In my previous blog post, I made the case for thinking about opportunity in more nuanced terms and the importance of higher education as a launching pad. To be clear, there is nothing magical about a college degree—it is only a credential that signifies that the bearer ostensibly possesses certain knowledge and skills. But the value of higher education also lies in the generation of experiences, relationships and the capacity to cultivate relationships. These are sometimes called “soft skills,” an unfortunate choice of words that make them seem less important than they really are.

Higher education only provides an entry point. Doing well in the classroom is no guarantee of doing well in the boardroom, the courtroom or other spaces of professional life. Many doors to professional success, such as those leading to top executive positions in the private, public and non-profit sectors, are unmarked and are difficult to access without social capital—a set of assets that, in the words of business historian Pamela Walker Laird, “exist in and flow through personal connections and individuals’ potential for making connections.”

One kind of social capital required for success in the professional realm is provided by mentors—trusted advisors who can show you the way and the ropes, to tell you how things really work, to teach you what attitudes and behaviors are necessary to succeed in professional environments and in the words of SEO alumna and longtime board member Carla A. Harris “provide trusted feedback on the good, the bad and the ugly of your career.” Social capital is also created and sustained through networks of relationships with a broad array of colleagues and contemporaries. As Laird, Harris and others have noted, social capital is a critically important, although often underappreciated part of the opportunity structure of modern American society.
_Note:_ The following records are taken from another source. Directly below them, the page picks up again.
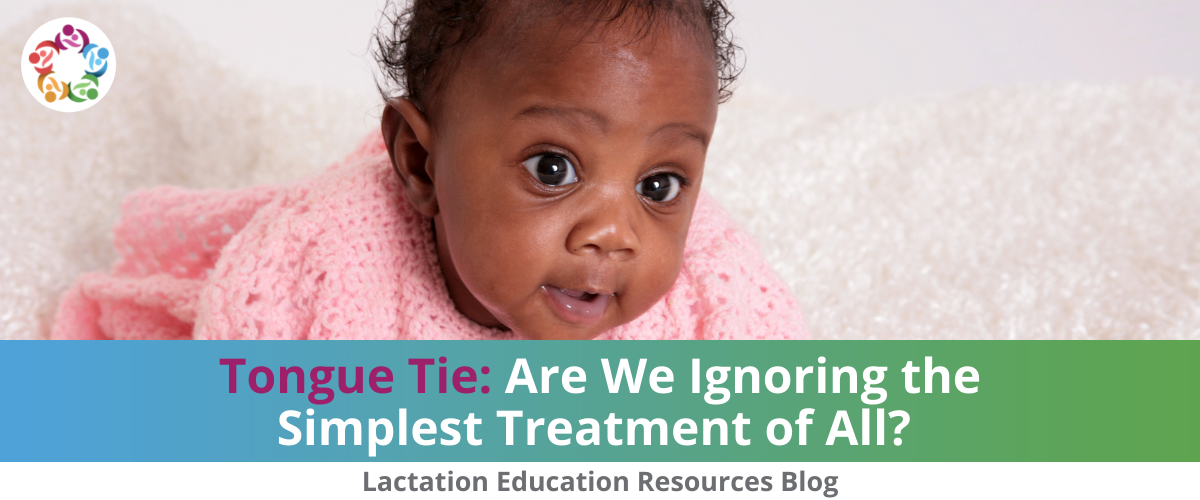 Tongue Tie: Are We Ignoring the Simplest Treatment of All?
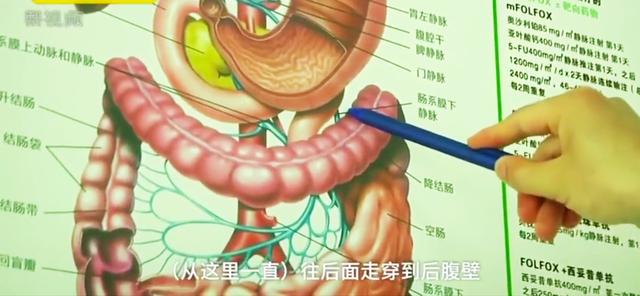 96岁老太年前误吞针竟延期年后就诊家属认为过年住院运气不好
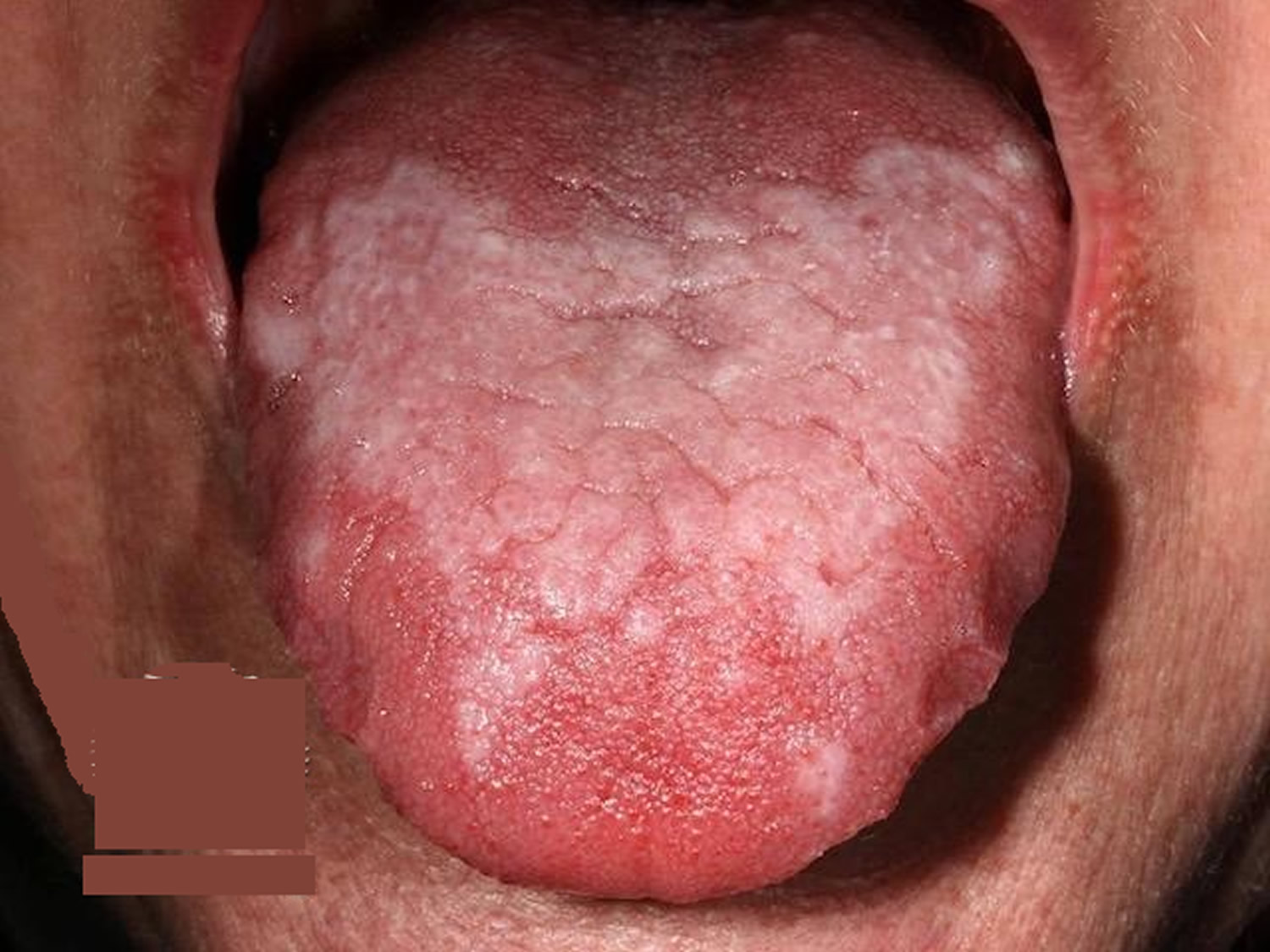 Oral Lichen Planus Cheek Hot Sex Picture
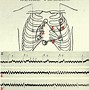 Image result for 12 Lead EKG Strip Phillips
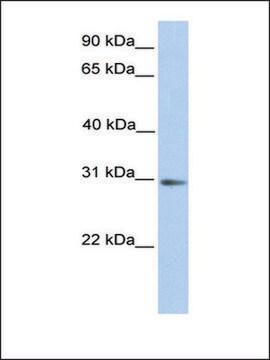 Anti-ABHD13 (AB1) antibody produced in rabbit affinity isolated antibody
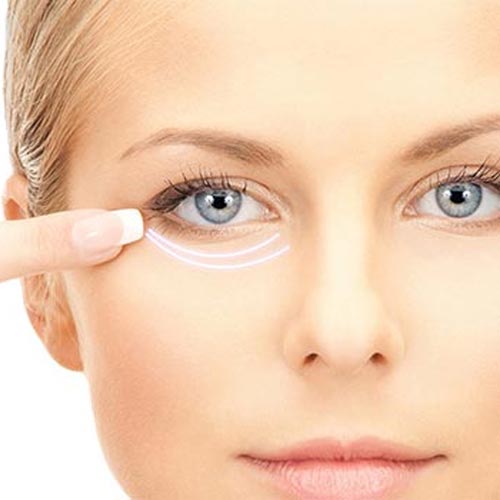 Безоперационная блефаропластика: вернуть молодость взгляду без скальпеля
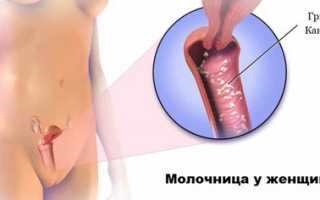 Причины, симптомы и лечение молочницы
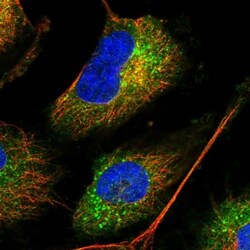 METTL7B Antibody, Novus Biologicals 0.1mL; Unlabeled:Antibodies, Polyclonal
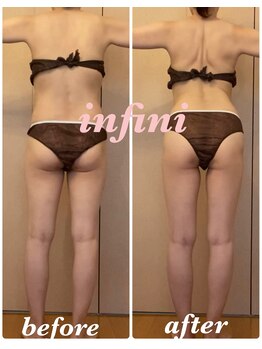 アンフィニ(infini)/短期集中全身10回コース(3ヶ月)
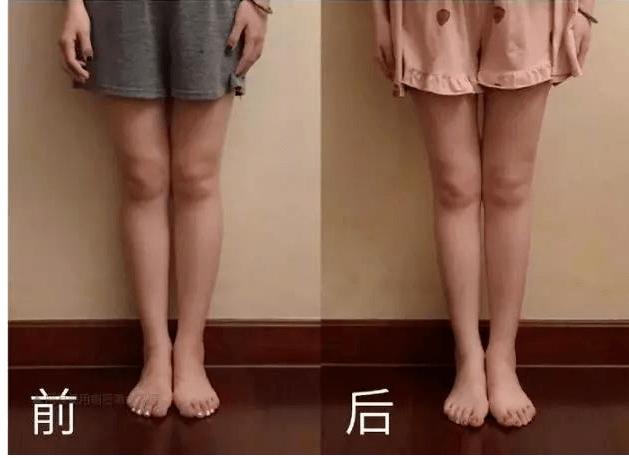胖腿和瘦腿对比照片图片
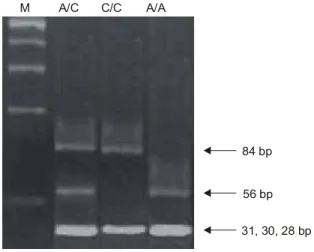 Fig.  1.  MTHFR  C677T  genotyping  RFLP  result.  The  polymor- polymor-phism  affects  HinfI  digestion  of  the  MTHFR  C677T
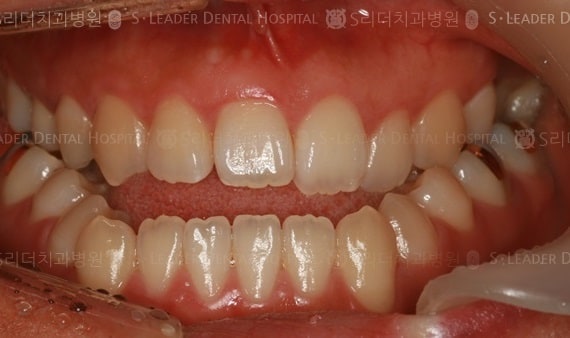 20140413030404_1_194152.jpg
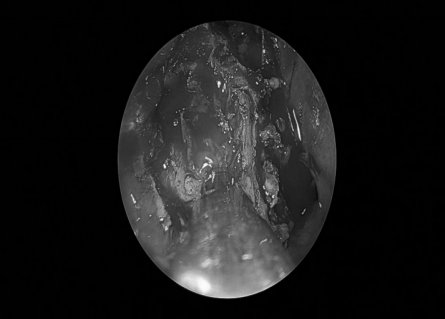 南昌大学二附院耳鼻咽喉头颈外科完成一例鼻内镜下中颅窝底表皮样囊肿切除术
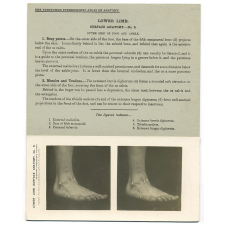 209. Outer side of Foot and Ankle. The Edinburgh Stereoscopic Atlas of Anatomy. Lower limb. Surface anatomy - N°5.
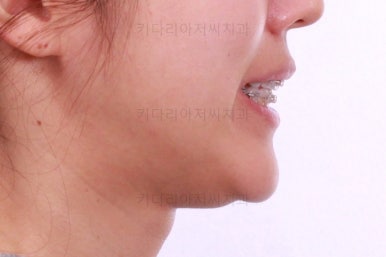 부산치아교정잘하는곳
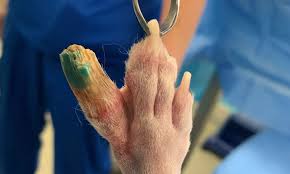 Image result for toe amputation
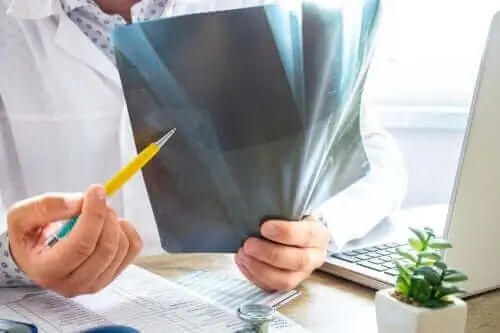 Все, что вам нужно знать об отеке костного мозга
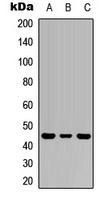 IL-1R2 Rabbit Polyclonal Antibody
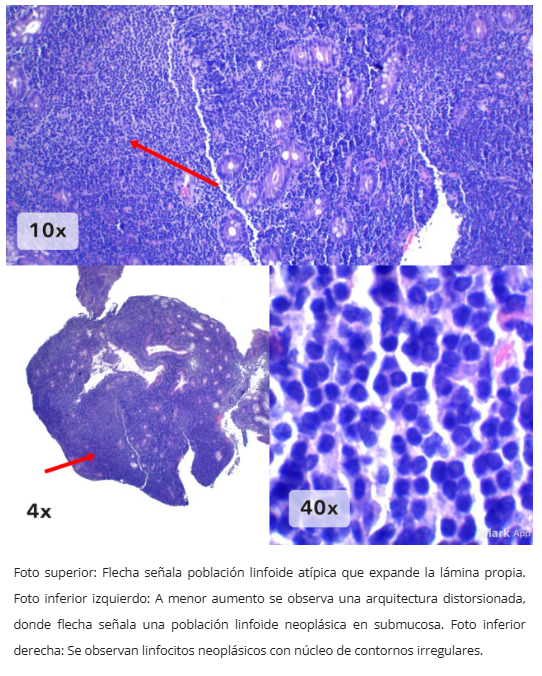 Inmunohistoquímica CD20
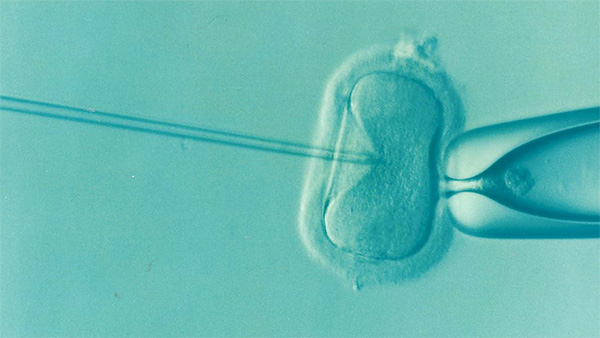 泰国试管婴儿移植的胚胎应该如何选择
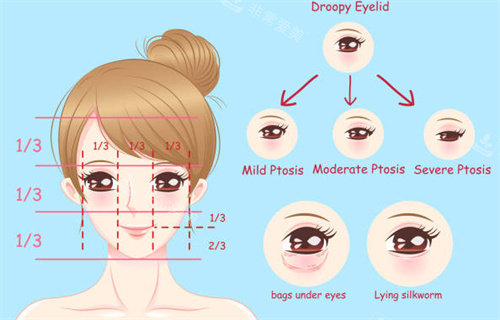 双眼皮设计方案一览图片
But opportunity is not merely a function of what you know and whom you know, but what you choose to do with these assets. The most latent dimension of opportunity, and the most challenging to appreciate, measure and master, isn’t about finding the unmarked doors, but pushing beyond the obvious to discover doors that no one else knew were there or making doorways (and stairways, whole rooms, entire floors, new buildings) where they could or should be, but don’t yet exist. Arguably, one of SEO’s most significant achievements has been in encouraging and empowering alumni from all of its programs to be opportunity makers as well as opportunity seekers, not only for themselves, but also for others. This latter statement is italicized with good reason for perhaps the most critical and consistent value that links members of SEO’s extended family across generations and geographies has been the drive to lead and to give back.